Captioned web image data
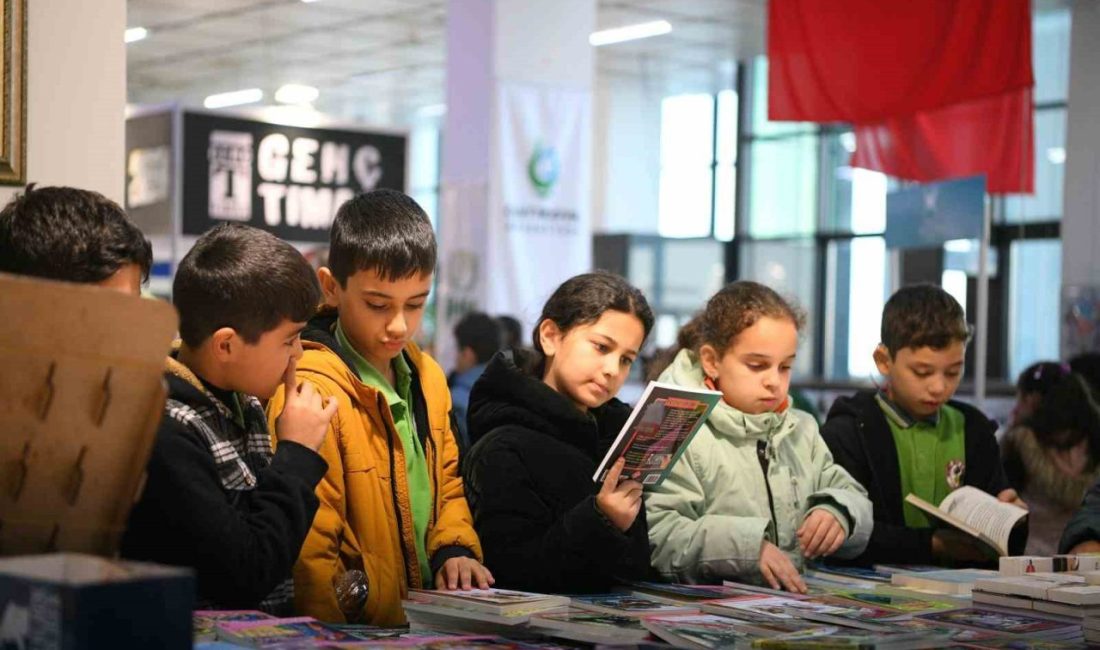 Çayırova’yı kitap kokusu saracak Çayırova’da gelenek haline gelen ve açıldığı günden bu yana on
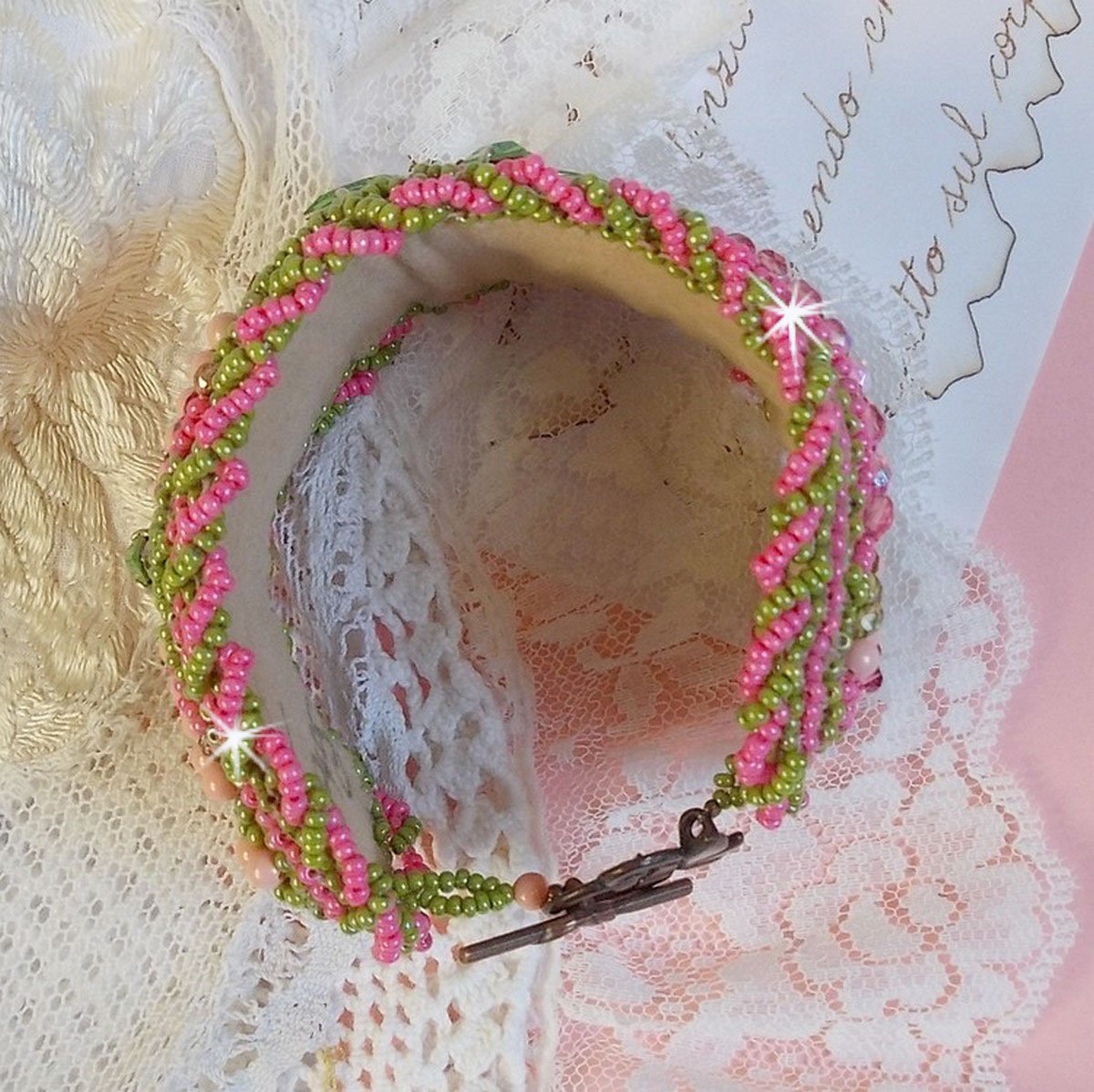 Miss Lady manchet armband geborduurd met Swarovski kristallen, Boheems glas facetten en groene en roze rocailles.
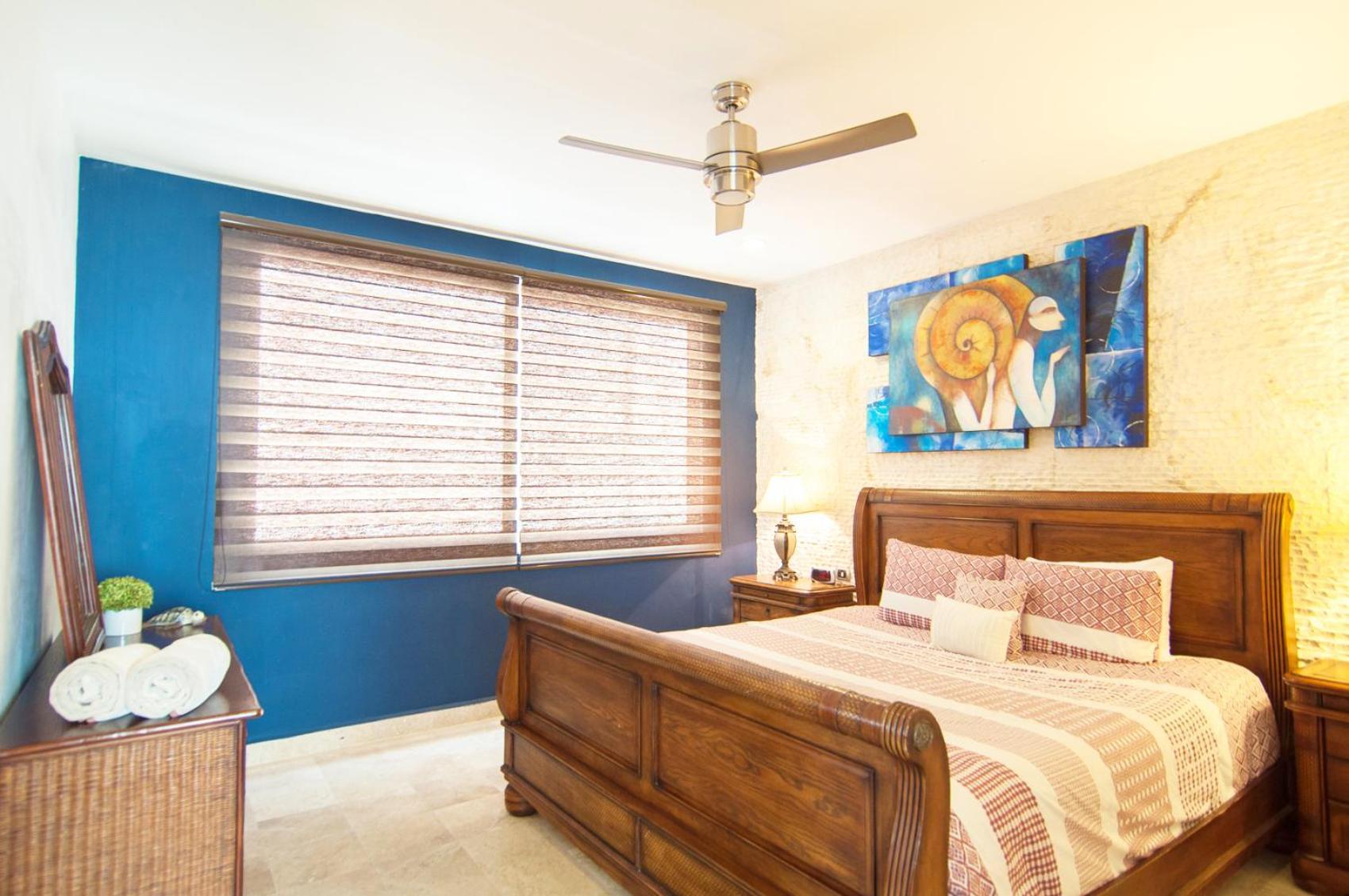 Exceptional Location Near Beach, Pool-view Balcony Сasa de vacaciones *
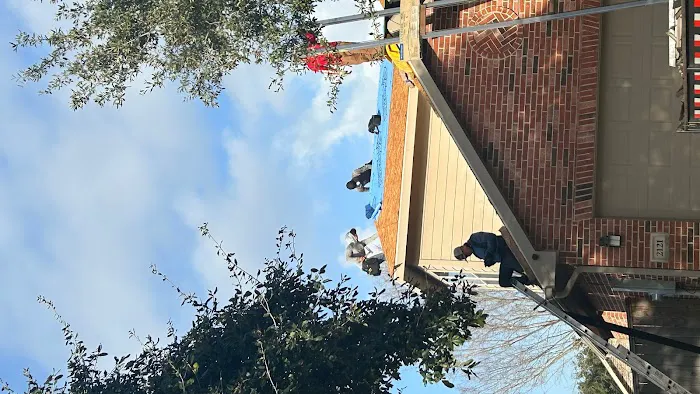 Art's Roofing Picture 2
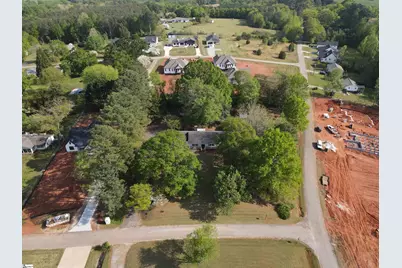 385 Wall Street, Campobello, SC 29322 - Photo 39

TASK INSTRUCTIONS
Please set down the lines from the one with "Art's Roofing Picture 2" to the end of the entries above, exactly as they are, and drop every picture.

RESULT OF THE TASK
 Art's Roofing Picture 2
 385 Wall Street, Campobello, SC 29322 - Photo 39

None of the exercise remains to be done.